Dari nama-nama sekolah tersebut ternyata masing-masing punya kebijakan yang berbeda-beda dalam memecahkan masalah tingginya beaya operasional. Muncullah kemudian istilah "sekolah mahal",yaitu sekolah-sekolah yang siswa atau orang tuanya harus membayar mahal untuk menutup biaya operasional yang tinggi itu .Mahalnya biaya yang harus dipikul oleh siswa atau orang tuanya tersebut menyebabkan tidak semua orang tua mampu menyekolahkan anak-anaknya ke sekolah itu. Sekolah-sekolah mahal tersebut akhirnya hanya dapat dimasuki oleh kelompok masyarakat berekonomi tinggi, sehingga ada yang menyebut sekolah mahal sebagai sekolah eksklusif. Memang eksklusif bila dilihat dari asal siswanya, meskipun terkadang tidak eksklusif bila dilihat dari sistem pendidikannya. Hadirnya sekolah-sekolah mahal tersebut ternyata mengundang berbagai respon masyarakat, dari respon yang positif sampai respon yang negatif. Sekolah-sekolah mahal tersebut bisa membendung anak-anak kita yang akan belajar ke luar negeri, bahkan dalam beberapa tahun ke depan dapat "menarik" anak-anak manca negara untuk belajar ke negara kita dalam skala nasional tentu hal ini merupakan investasi. Sebaliknya ada juga pihak-pihak yang merespon negatif dengan menyatakan "keberatan" menyangkut aspek sosialisasi lulusannya. Bila siswanya saja eksklusif lalu bagaimana sosialisasinya nanti, kemudian bagaimana pula kalau mereka menjadi pemimpin bangsa kelak.

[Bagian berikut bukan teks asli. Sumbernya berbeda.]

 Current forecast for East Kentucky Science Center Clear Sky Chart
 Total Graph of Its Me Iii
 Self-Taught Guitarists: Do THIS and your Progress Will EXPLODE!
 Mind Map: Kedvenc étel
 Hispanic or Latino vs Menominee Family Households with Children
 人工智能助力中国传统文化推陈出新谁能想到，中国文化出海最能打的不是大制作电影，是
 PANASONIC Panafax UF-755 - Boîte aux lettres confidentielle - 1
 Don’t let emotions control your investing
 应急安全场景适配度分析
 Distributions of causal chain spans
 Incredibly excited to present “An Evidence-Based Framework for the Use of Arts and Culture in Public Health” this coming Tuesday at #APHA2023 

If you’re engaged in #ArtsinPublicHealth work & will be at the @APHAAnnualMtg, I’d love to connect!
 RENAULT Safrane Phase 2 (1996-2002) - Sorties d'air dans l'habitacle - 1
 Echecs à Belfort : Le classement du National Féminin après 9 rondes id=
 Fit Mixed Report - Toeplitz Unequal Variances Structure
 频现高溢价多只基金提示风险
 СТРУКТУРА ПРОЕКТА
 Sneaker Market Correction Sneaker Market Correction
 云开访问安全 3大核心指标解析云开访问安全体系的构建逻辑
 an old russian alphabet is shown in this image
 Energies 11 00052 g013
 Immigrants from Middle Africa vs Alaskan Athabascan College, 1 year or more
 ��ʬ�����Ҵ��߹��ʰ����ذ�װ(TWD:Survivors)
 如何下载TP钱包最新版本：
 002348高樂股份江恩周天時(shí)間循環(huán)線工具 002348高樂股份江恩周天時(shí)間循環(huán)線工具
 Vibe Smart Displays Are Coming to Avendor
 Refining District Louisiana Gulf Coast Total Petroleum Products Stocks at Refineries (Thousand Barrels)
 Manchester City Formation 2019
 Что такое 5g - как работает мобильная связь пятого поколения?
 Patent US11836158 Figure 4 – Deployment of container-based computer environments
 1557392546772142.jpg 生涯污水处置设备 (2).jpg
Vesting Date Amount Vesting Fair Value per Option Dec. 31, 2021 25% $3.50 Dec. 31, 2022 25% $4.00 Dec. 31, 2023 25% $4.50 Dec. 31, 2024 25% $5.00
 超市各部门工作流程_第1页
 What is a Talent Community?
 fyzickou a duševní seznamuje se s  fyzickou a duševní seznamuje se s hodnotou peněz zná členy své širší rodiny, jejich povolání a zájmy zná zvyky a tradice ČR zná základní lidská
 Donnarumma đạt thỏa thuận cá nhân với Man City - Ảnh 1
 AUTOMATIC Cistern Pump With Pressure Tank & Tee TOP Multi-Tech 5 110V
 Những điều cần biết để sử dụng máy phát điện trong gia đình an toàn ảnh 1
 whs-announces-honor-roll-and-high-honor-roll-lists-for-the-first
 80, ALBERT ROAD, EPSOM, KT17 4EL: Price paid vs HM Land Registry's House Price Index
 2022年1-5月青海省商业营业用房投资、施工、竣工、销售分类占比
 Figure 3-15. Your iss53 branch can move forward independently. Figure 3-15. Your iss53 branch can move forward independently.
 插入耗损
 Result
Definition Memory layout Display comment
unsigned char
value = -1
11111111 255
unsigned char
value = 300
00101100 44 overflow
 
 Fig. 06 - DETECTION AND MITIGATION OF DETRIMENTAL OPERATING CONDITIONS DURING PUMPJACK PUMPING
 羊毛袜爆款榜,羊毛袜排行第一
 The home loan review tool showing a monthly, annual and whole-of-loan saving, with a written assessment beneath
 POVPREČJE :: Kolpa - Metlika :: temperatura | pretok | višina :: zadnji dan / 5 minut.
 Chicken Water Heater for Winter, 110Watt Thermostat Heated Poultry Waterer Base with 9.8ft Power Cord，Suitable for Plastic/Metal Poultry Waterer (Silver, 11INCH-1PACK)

Laju pertumbuhan ekonomi yang belum diikuti dengan efektifnya pemerataan telah menimbulkan garis-garis segmentatif antar kelompok ekonomi, dari  kelompok ekonomi tinggi, menengah, rendah, sampai sangat rendah. Hadirnya sekolah mahal tidak bisa memenuhi keinginan masyarakat kelompok ekonomi tinggi meskipun bukan berarti kelompok masyarakat lainnya tidak ingin mendapatkan pelayanan dari sekolah yang berfasilitas memadai. Kalau memang sekolah mahal ini dapat memberikan pelayanan pendidikan yang sekualitas pendidikan di luar negeri, tentu saja yang bermutu, apa salahnya mereka menyekolahkan putra-putrinya tidak di luar negeri cukup di Indonesia saja.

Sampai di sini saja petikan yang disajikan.